--- Problem details ---
The copy you give must match the lines from the top of the data through the line containing "Casino web banner" exactly, and it must hold no pictures.

(Data block)

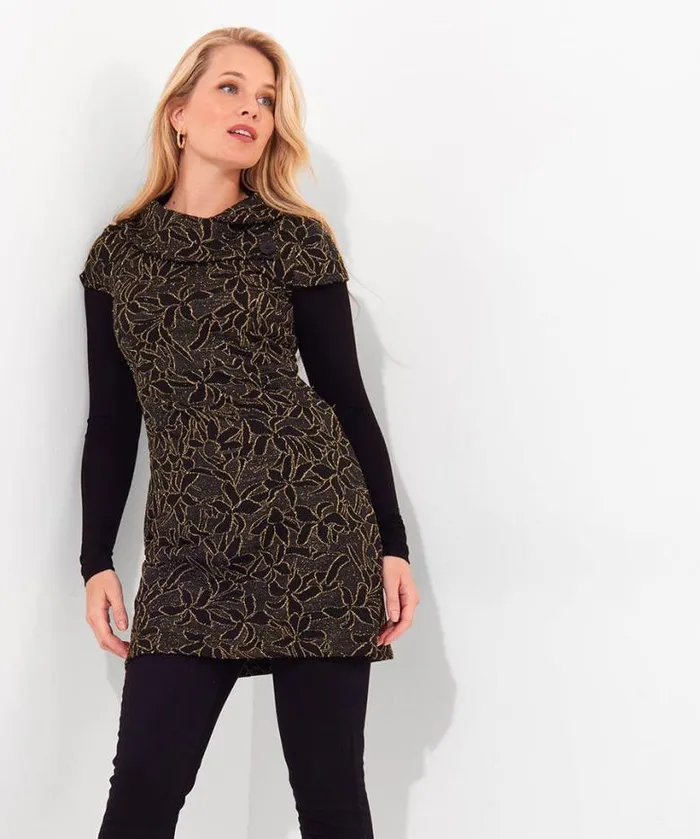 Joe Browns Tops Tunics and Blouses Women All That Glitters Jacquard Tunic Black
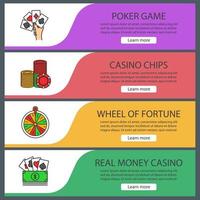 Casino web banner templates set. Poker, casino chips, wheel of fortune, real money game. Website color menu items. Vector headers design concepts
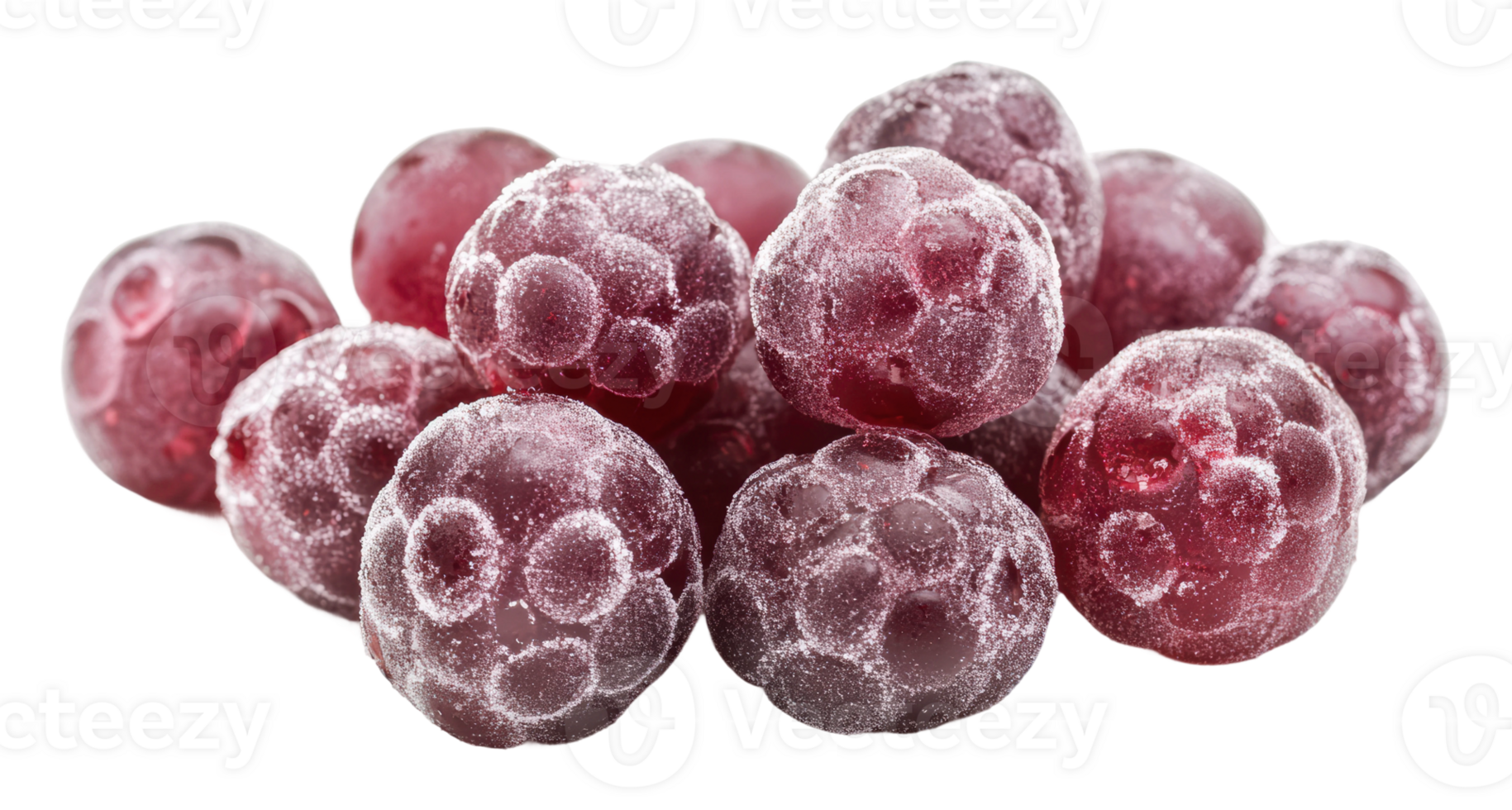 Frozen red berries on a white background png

(End Data block)

--- Solution below ---
 Joe Browns Tops Tunics and Blouses Women All That Glitters Jacquard Tunic Black
 Casino web banner templates set. Poker, casino chips, wheel of fortune, real money game. Website color menu items. Vector headers design concepts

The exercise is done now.